Même les tatouages ​​doivent être protégés. Et quelles sont les indications des peaux épilées ?

« Sur le plan strictement médical, le tatouage n’a pas de besoin particulier en termes de protection si l’on exclut la première phase, immédiatement après l’opération, lorsque la peau est rouge. D’un point de vue esthétique, cependant, il est logique de protéger le dessin avec un supplément de produit solaire, car dans tous les cas, les rayons ultraviolets ont une action immunosuppressive et peuvent encore endommager la couleur. Même en ce qui concerne l’épilation, le problème est immédiat. Si l’épilation est faite aujourd’hui, demain ou si vous renoncez à l’exposition au soleil ou si vous vous protégez beaucoup. C’est car c’est une peau irritée, agressée, ce qui peut entraîner des folliculites, des boutons, des inflammations. Mais on peut surtout souffrir d’hypopigmentation ou d’hyperpigmentation.

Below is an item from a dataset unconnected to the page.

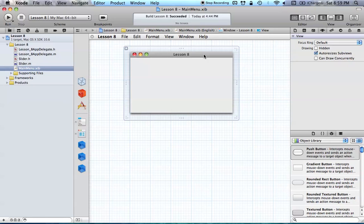Hello everyone, and welcome to the 8th Cocoa Programming Tutorial. In this tutorial, I'm going to be covering how we can use an NS Slider in our applications.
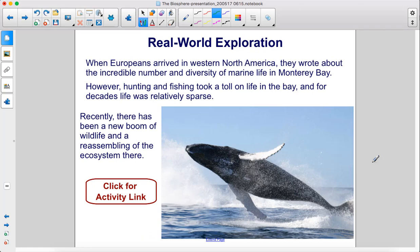When Europeans arrived in Western North America, they wrote about the incredible number and diversity of marine life in Monterey Bay. However, hunting and fishing took a toll on life in the Bay, and for decades life was relatively sparse. Recently, there has been a new boom of wildlife and a reassembling of the ecosystem there.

Quels sont les conseils pour ceux qui souffrent de vitiligo ?

« Par rapport au passé, beaucoup de choses ont changé. Aujourd’hui, il existe également des crèmes solaires dédiées aux pathologies. Autrefois, on pensait qu’il fallait nécessairement utiliser une protection 50 car on craignait que la peau blanche ne soit plus endommagée. Mais en réalité, nous parlons d’une peau qui a encore des mécanismes de défense actifs et peut bénéficier d’une exposition contrôlée au soleil. La meilleure stratégie est donc d’appliquer une crème 50 sur une peau normalement pigmentée, où il n’y a pas de vitiligo, et une crème de protection moyenne – 25. ou 30 – sur le patch vitiligo pour une exposition de 2 ou 3 heures, évidemment à des moments non centraux Et seulement ensuite un 50 sur toute la peau pour essayer de stimuler la peau atteinte de vitiligo par héliothérapie naturelle et ensuite, également d’un point de vue esthétique, pour essayer d’équilibrer la couleur entre la partie pigmentée et la partie moins pigmentée ».